=== DATA RECORDS ===

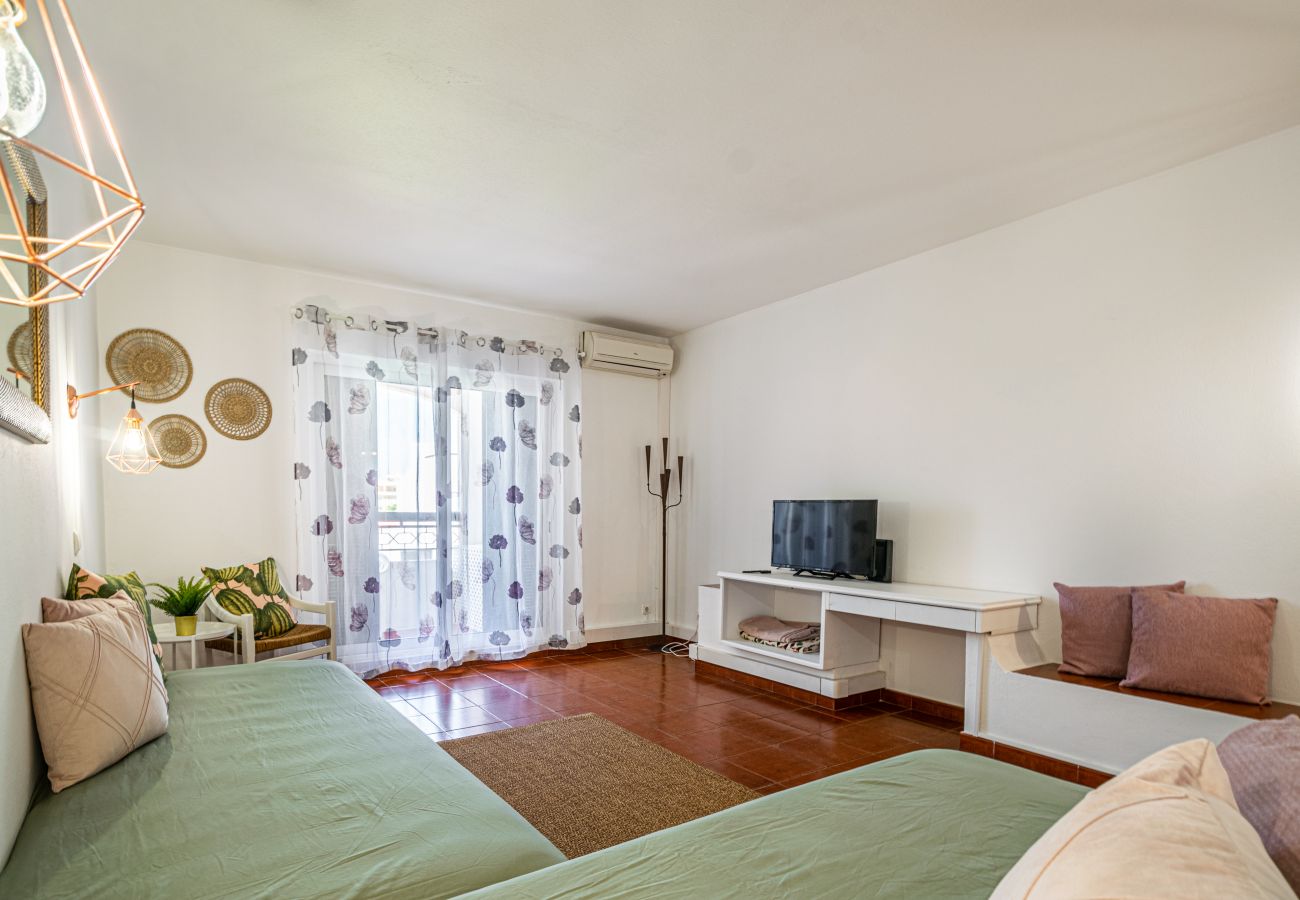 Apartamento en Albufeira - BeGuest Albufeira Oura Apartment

===
=== DATA RECORDS ===

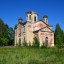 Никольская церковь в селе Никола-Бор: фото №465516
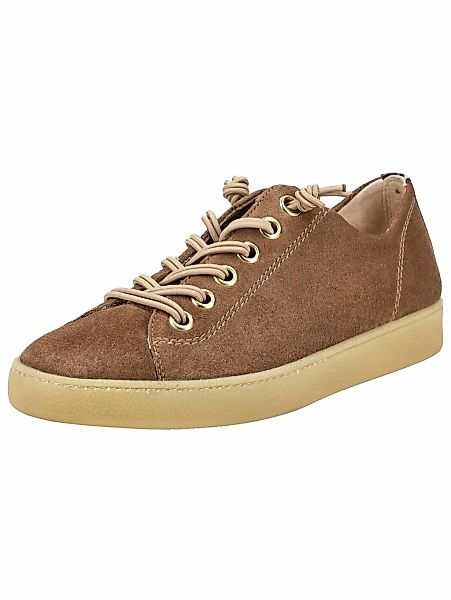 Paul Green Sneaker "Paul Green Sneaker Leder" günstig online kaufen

===
=== DATA RECORDS ===

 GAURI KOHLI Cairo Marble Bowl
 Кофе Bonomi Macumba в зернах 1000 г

===

**EXERCISE GOAL**
Drop the pictures; return the lines above from the line containing "Никольская церковь в" to the line containing "günstig online kaufen", both included, exactly.

**ANSWER SECTION**
 Никольская церковь в селе Никола-Бор: фото №465516
 Paul Green Sneaker "Paul Green Sneaker Leder" günstig online kaufen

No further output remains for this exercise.